#### TASK PROMPT
Below are some records. Write out the line that contains "this 960×640 image." and all lines after it, exactly, but not the pictures.

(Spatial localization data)
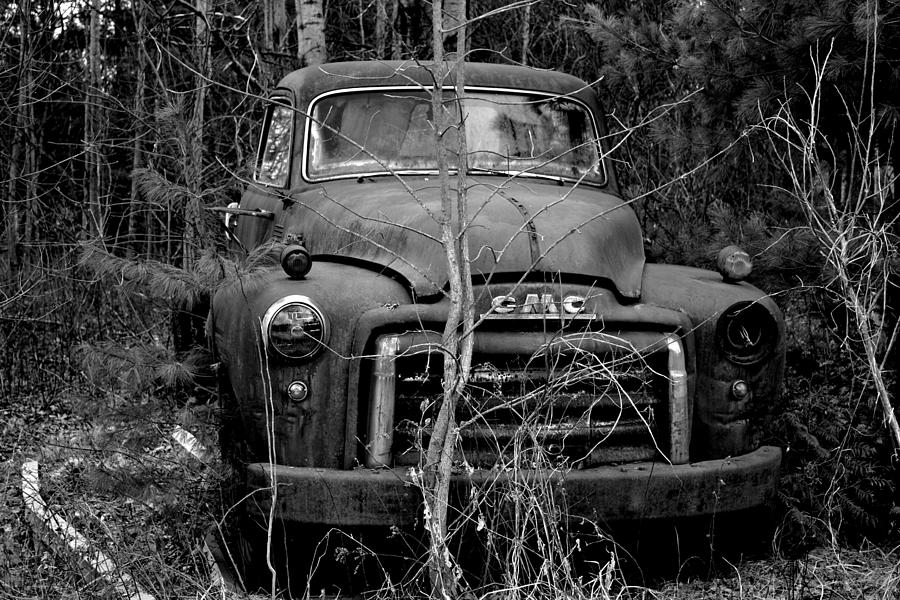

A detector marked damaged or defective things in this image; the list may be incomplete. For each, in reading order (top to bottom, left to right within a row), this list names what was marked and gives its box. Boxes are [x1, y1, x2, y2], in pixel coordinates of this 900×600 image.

corroded hood [284, 177, 644, 298]
abandoned gmc truck [209, 61, 780, 584]
rusted metal bumper [244, 446, 780, 524]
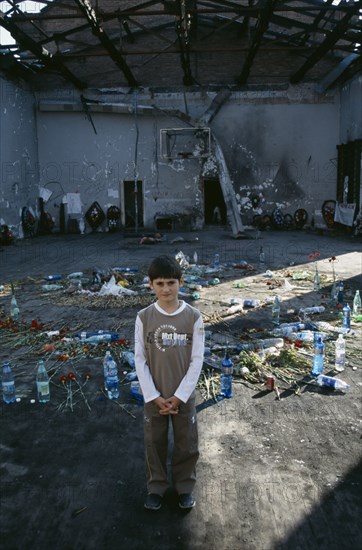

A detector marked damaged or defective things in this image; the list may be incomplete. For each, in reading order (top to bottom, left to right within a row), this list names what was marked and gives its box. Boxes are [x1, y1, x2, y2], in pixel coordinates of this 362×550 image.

burnt roof beam [0, 11, 85, 89]
burnt roof beam [73, 0, 137, 88]
burnt roof beam [236, 0, 278, 86]
burnt roof beam [292, 2, 362, 84]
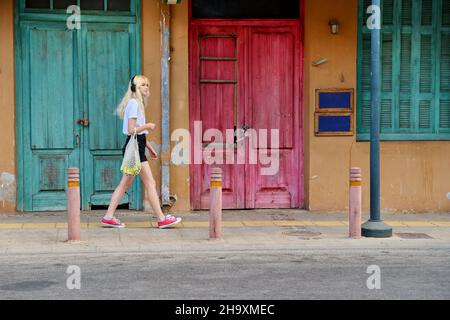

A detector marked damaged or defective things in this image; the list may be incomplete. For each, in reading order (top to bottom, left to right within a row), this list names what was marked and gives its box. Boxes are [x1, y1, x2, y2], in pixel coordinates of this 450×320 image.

peeling paint [0, 172, 16, 202]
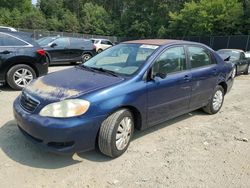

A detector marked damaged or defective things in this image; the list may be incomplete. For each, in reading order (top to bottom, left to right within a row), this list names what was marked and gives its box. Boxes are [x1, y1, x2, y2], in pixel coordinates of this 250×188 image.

rust spot on hood [25, 78, 80, 100]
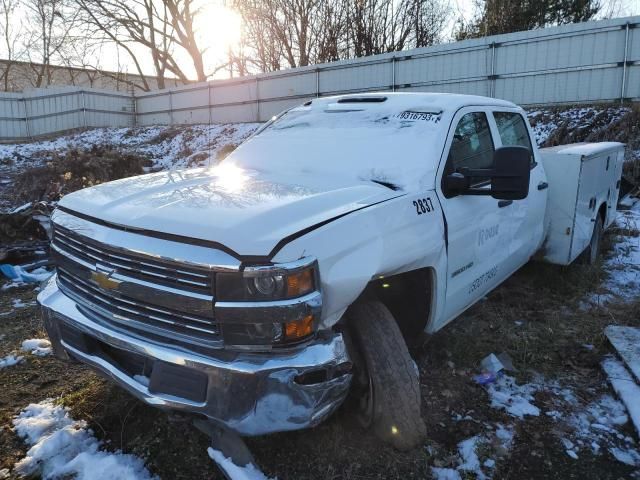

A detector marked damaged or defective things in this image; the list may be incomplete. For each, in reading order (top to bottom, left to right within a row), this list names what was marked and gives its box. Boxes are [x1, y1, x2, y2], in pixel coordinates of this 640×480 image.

damaged front bumper [39, 274, 352, 436]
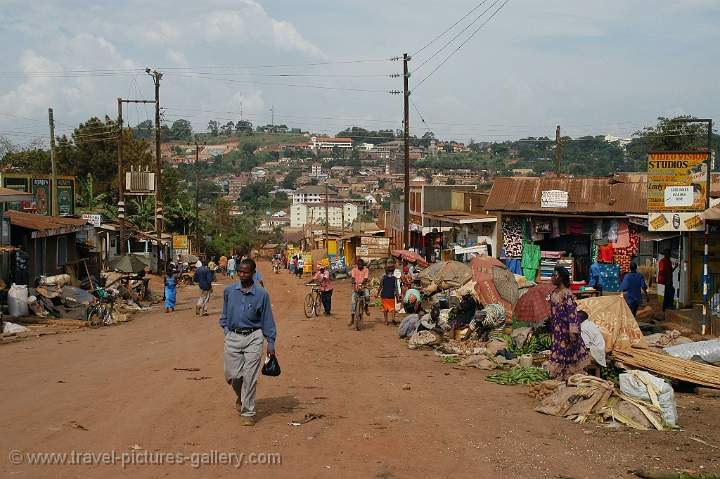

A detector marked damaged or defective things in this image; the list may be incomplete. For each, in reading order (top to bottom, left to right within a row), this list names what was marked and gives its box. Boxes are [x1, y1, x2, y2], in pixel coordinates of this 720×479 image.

rusty metal roof [484, 177, 648, 215]
rusty metal roof [4, 211, 88, 232]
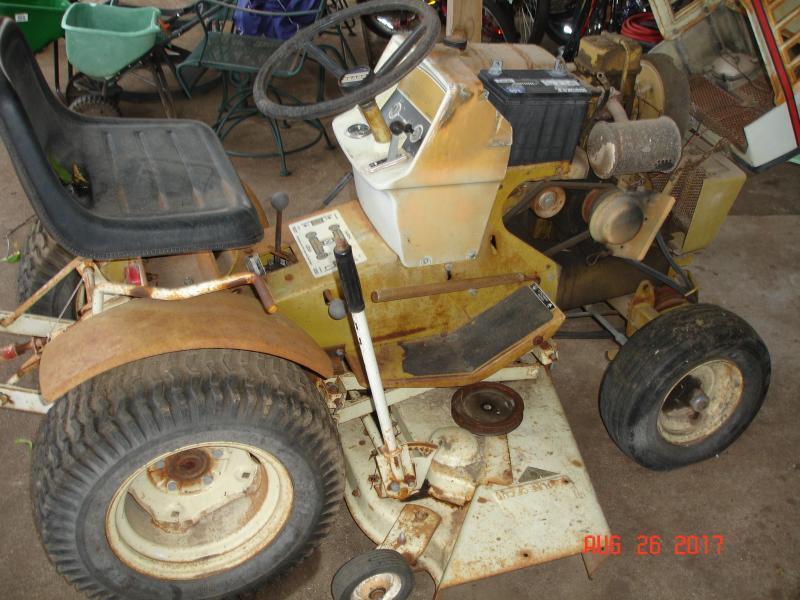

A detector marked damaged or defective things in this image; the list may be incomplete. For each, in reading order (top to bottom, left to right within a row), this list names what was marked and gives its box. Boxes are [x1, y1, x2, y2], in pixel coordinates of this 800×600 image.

rusty wheel rim [450, 384, 524, 436]
rusty wheel rim [656, 356, 744, 446]
rusty wheel rim [104, 442, 294, 580]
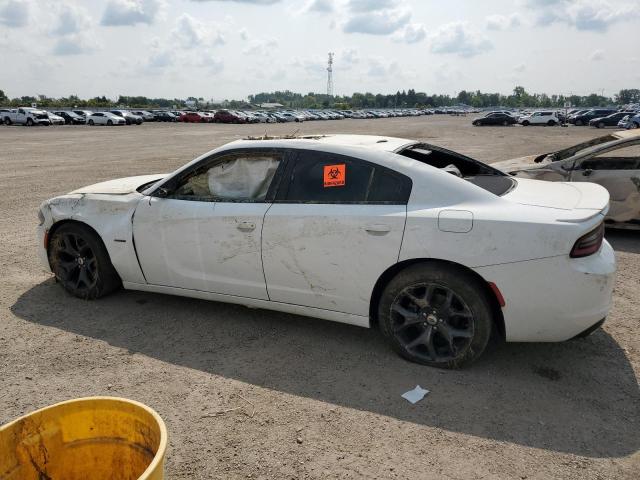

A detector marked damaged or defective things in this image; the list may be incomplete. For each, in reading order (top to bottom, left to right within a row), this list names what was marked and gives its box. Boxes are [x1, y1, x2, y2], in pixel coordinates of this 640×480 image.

wrecked vehicle [38, 134, 616, 368]
wrecked vehicle [492, 129, 640, 229]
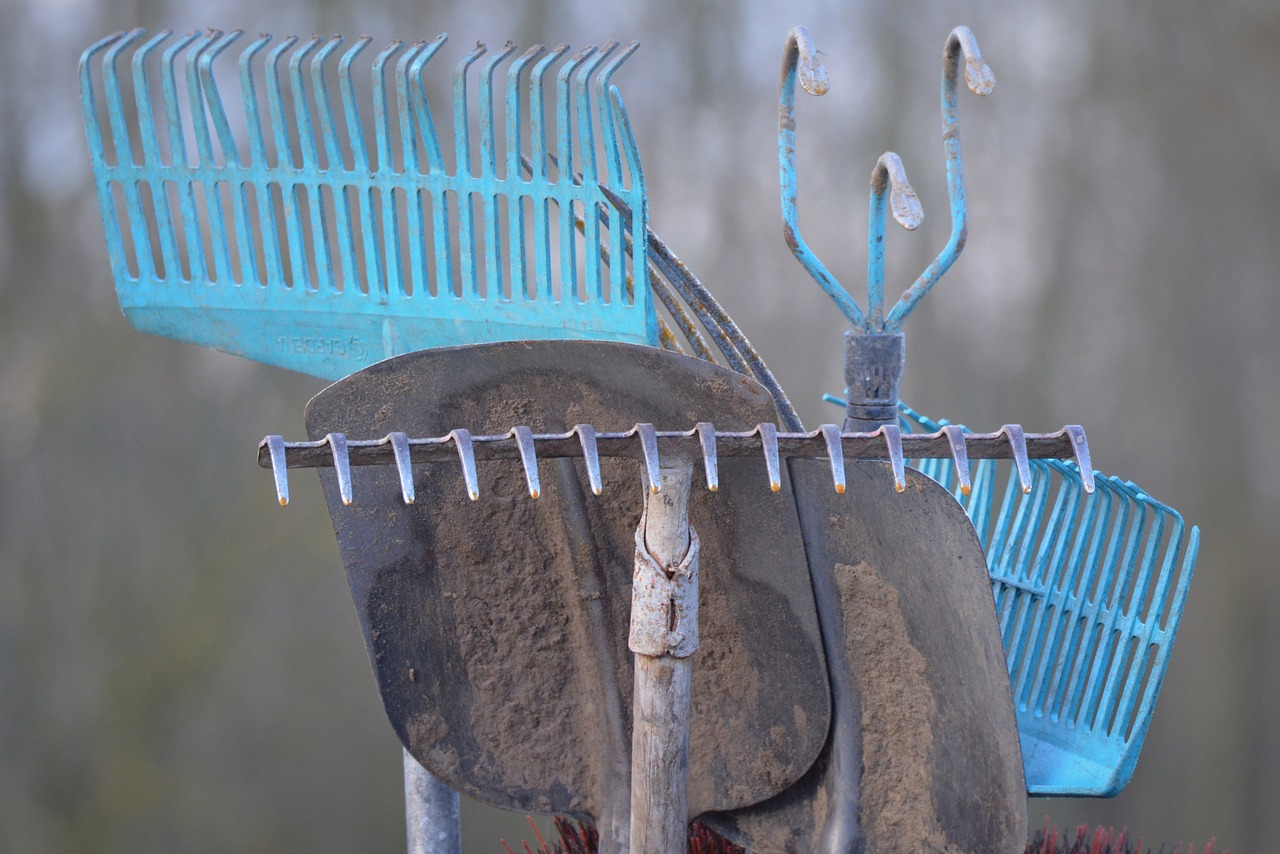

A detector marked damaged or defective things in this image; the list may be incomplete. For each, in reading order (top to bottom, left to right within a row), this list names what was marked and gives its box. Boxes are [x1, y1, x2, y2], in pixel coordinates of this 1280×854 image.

rusty metal tine [267, 437, 293, 504]
rusty metal tine [327, 430, 353, 504]
rusty metal tine [386, 430, 412, 504]
rusty metal tine [450, 427, 481, 501]
rusty metal tine [509, 427, 540, 501]
rusty metal tine [576, 425, 604, 496]
rusty metal tine [637, 422, 660, 494]
rusty metal tine [701, 422, 721, 494]
rusty metal tine [757, 422, 778, 491]
rusty metal tine [824, 425, 844, 494]
rusty metal tine [875, 422, 906, 491]
rusty metal tine [947, 425, 972, 496]
rusty metal tine [1003, 425, 1034, 496]
rusty metal tine [1064, 425, 1095, 494]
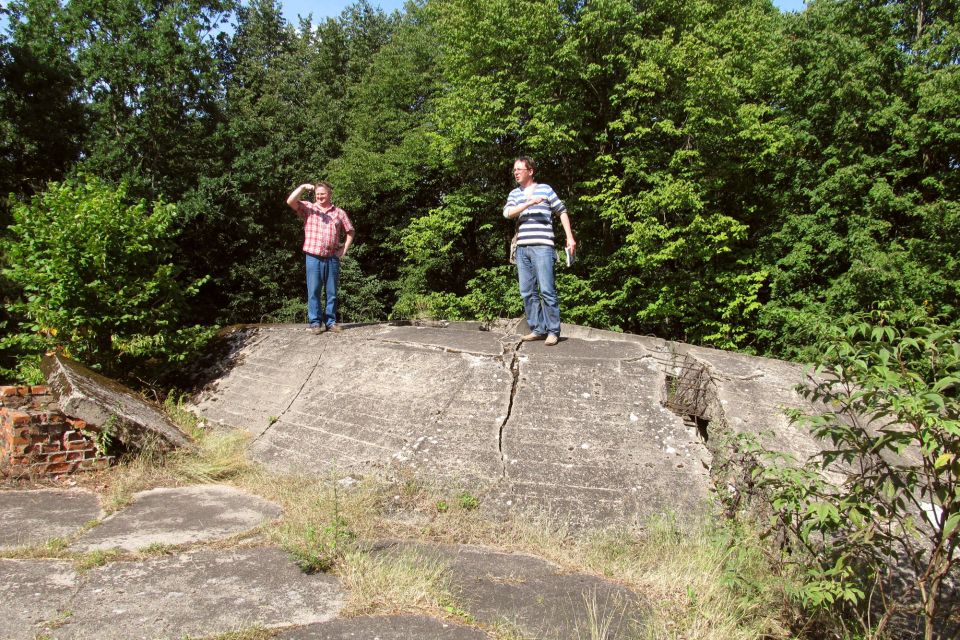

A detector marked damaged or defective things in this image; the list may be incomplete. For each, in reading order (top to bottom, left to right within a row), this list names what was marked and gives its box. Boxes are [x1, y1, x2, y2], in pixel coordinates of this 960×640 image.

cracked concrete surface [191, 322, 820, 528]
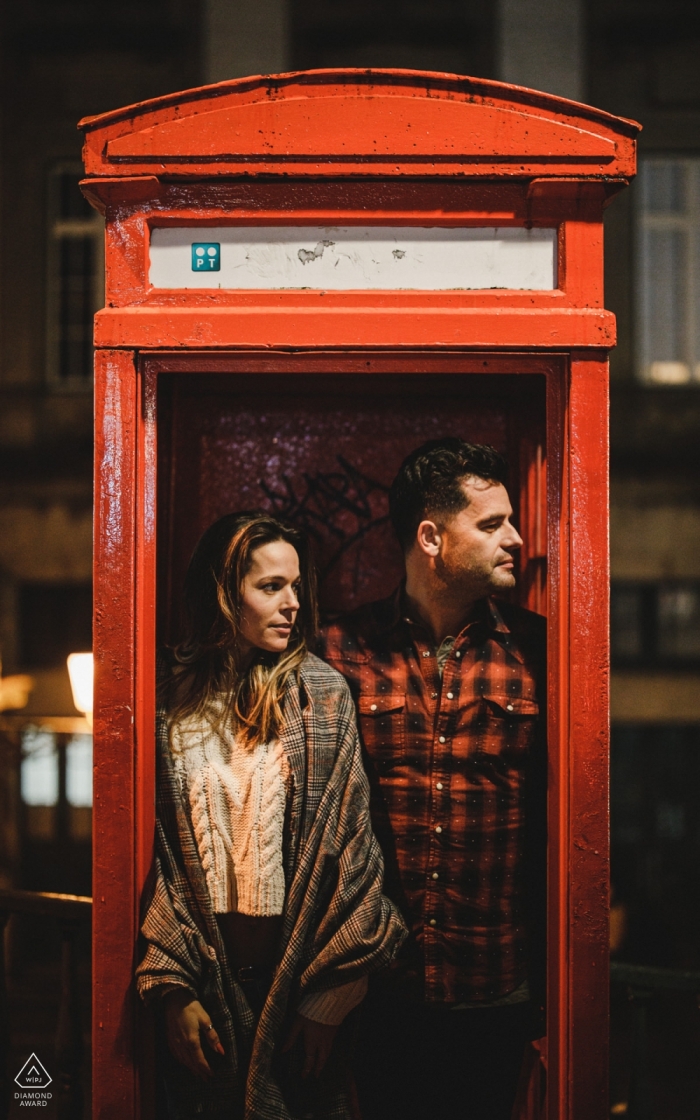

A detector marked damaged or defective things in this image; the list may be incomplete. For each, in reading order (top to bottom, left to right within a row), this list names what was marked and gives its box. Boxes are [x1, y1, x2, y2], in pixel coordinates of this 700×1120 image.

chipped red paint [83, 72, 640, 1120]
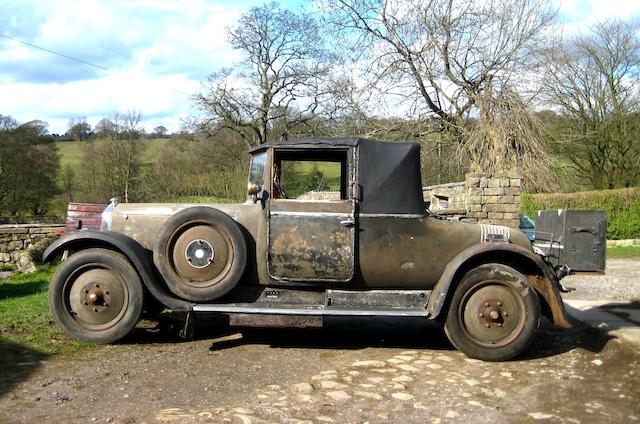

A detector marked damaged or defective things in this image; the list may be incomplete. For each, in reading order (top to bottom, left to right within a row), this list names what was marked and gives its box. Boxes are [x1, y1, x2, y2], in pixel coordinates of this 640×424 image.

#### ANSWER SECTION
A detector marked damaged or defective things in this image; the list may be incomplete. For each, in reading order (top to bottom, left to right within a row), this list names what was marked and gives its box. Boxes are [x1, y1, x2, y2], in pixel coordinates of this 960×640 image.

cracked concrete surface [191, 322, 820, 528]

A detector marked damaged or defective things in this image; the list may be incomplete. For each, in reading order (top to bottom, left to right within a row), this list names what was marked and gives its box. Boxes are [x1, y1, x2, y2], in pixel coordinates of this 700×1120 image.

chipped red paint [83, 72, 640, 1120]

A detector marked damaged or defective things in this image; the list may be incomplete. For each, in reading order (top to bottom, left to right within a row), this list names what was marked and gives its box. Boxes are [x1, y1, x2, y2], in pixel coordinates of this 640×424 image.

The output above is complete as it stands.